I can be nice. I don't mean "nice" in the "let's avoid truth" kinda way, but in the simple, human, common courtesy way. I've discovered that the seeds sown in authentic love, generosity, and kindness toward others always reap a harvest.
Sometimes you can see it. Sometimes, not.
You can see it in this man.
You can see it in the school.
You can see it on faces of children and staff and parents.
Kindness is contagious. It is a force that wins every time.
Even if we don't immediately benefit, someone else will, and that is enough.
Wednesday, September 9, 2009
Transitions
I dropped my daughter off for her first day of school today.
She's a first grader.
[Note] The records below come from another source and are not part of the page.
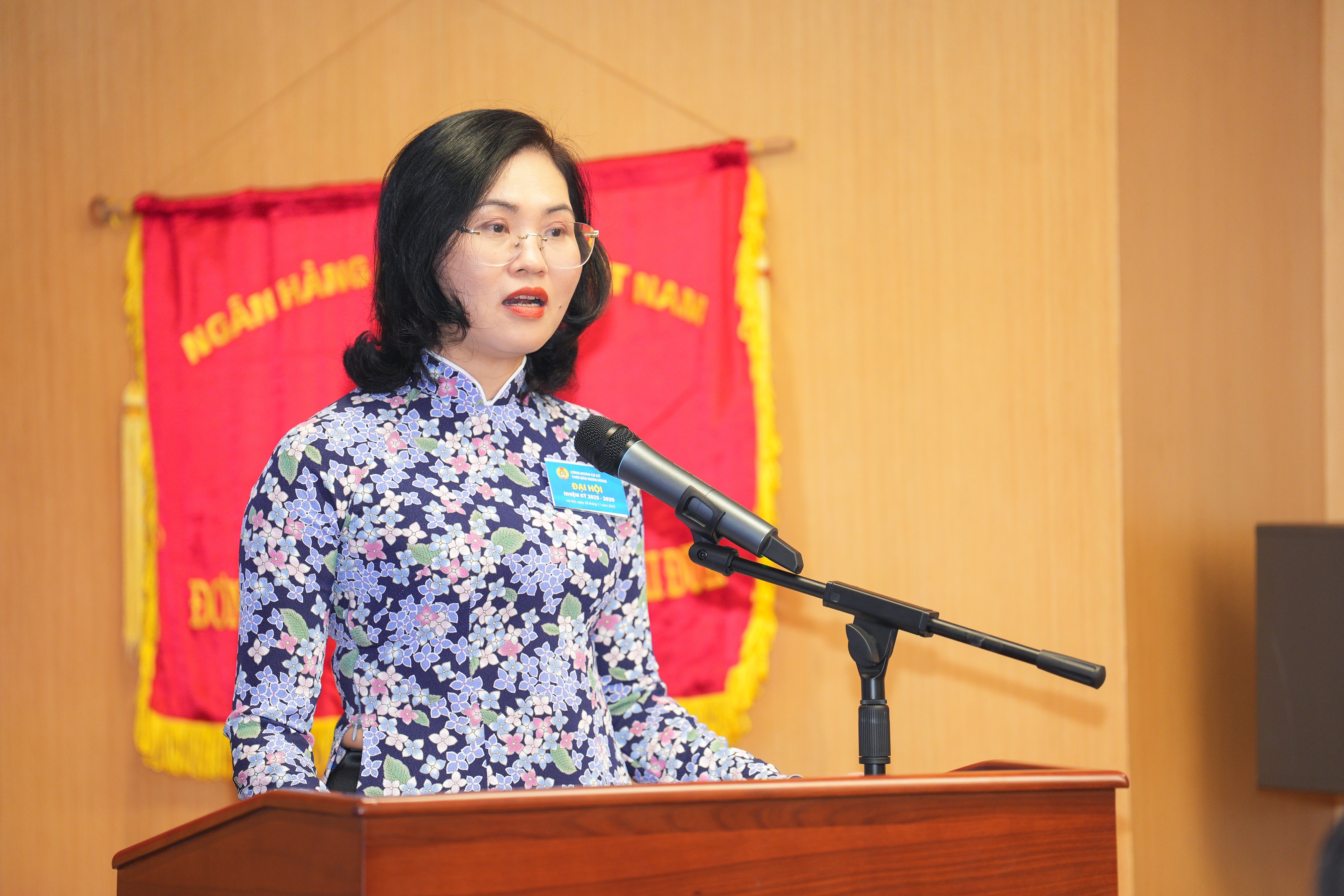 quyền lợi của đoàn viên công đoàn phải luôn được đặt ở vị trí trung tâm trong mọi hoạt động của đơn vị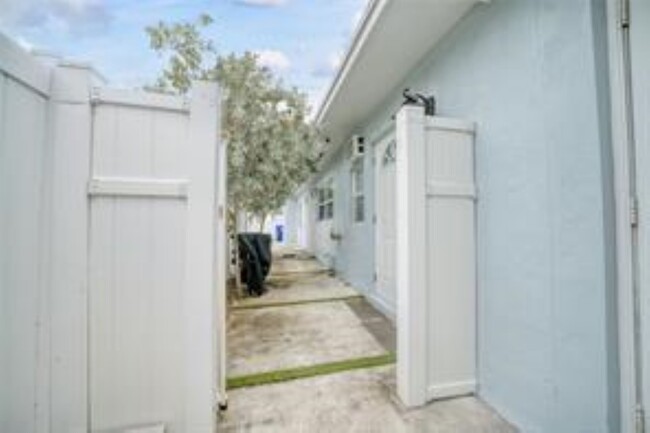 1041 NE 9th Ave, Unit A in Fort Lauderdale, FL - Building Photo - Building Photo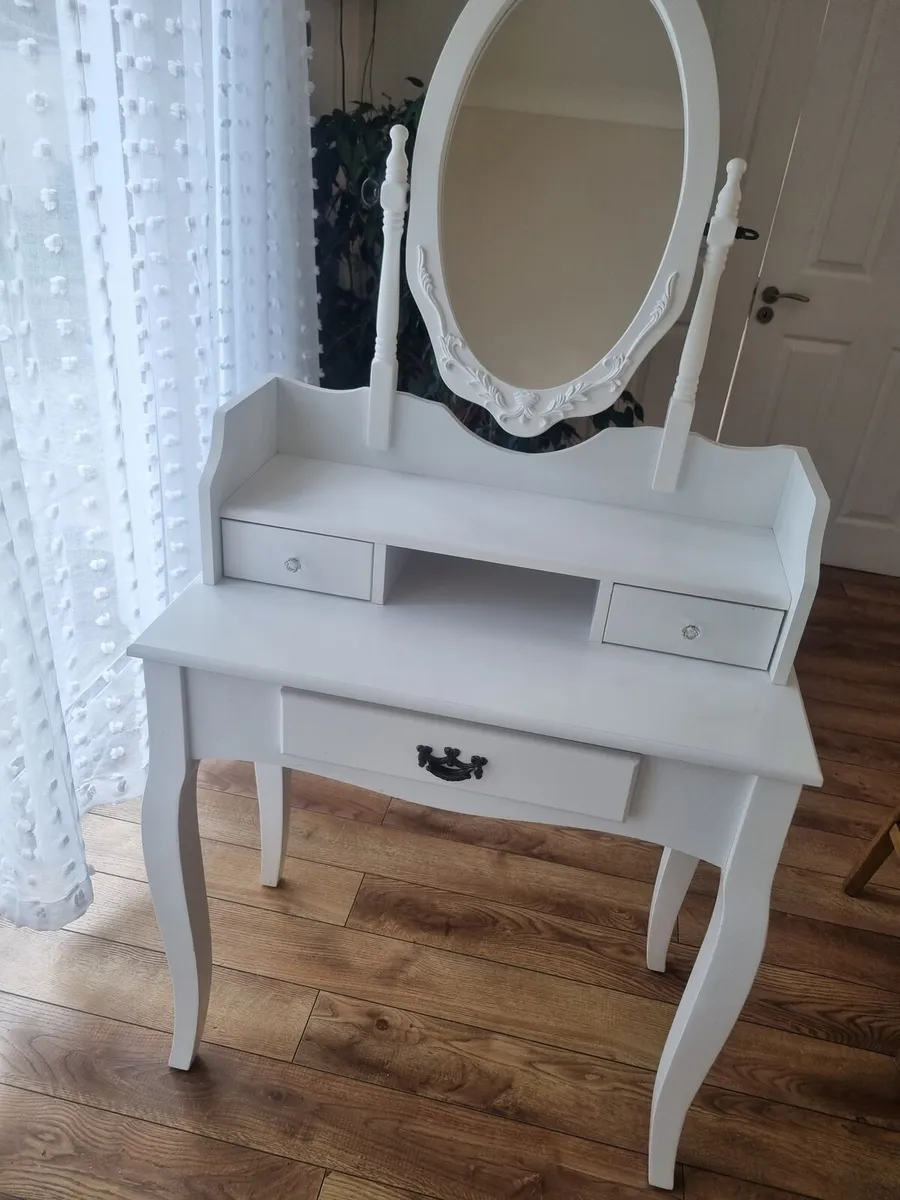Dressing Table - Image 1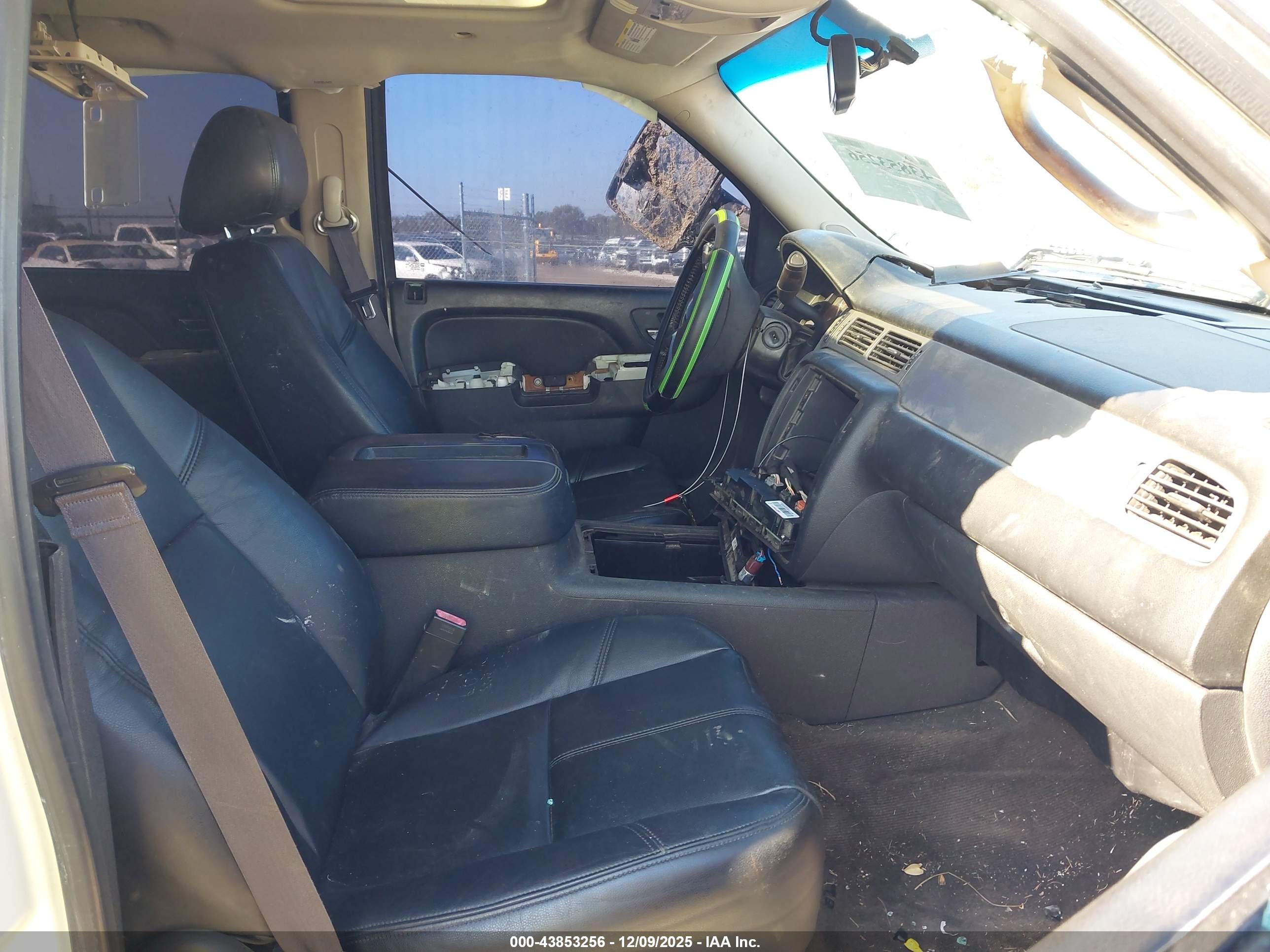 GMC SIERRA image 5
No more half days.
No more blankies tucked away in her back pack, for that sudden cuddle fix she needs when she's away from home. No more walking her into the classroom to help her find her coat hook and shelf to hang her lunch box.
She's a big girl now. Just a few short weeks ago, she was using crayons to write her name, listening to stories on a carpet by a rocking chair, and needing a rhyming song to help her learn the days of the week. But they're already calling those days, "last year" and referring to what she knew then as baby stuff.
It's hard to move on.
It's hard for all of us.
We grow accustomed to routine and the friends and experiences that go along with it. We say we want something different, but can barely take the next step without resistance. I'm the worst when it comes to saying goodbye to something wonderful. I'll tell you all the reasons to make the space in your heart for new miracles, and how God is always doing a new thing so you should keep watch, but I rebel against transitions' natural flow. In other words, I don't believe my own declarations of what God's best for me is. I preach it. I don't practice it, at least not consistently.
Each time I look at her toothless smile, I want to stop the clock. I don't want to miss anything. When I stoop to kiss her, I want to treasure the short time that she is still smaller than me, because it's passing. Not a day, not a spilled breakfast, not a scraped knee, not an over dramatic reaction to a spider web, do I want to miss or wish away. Everything is passing. Everything is changing.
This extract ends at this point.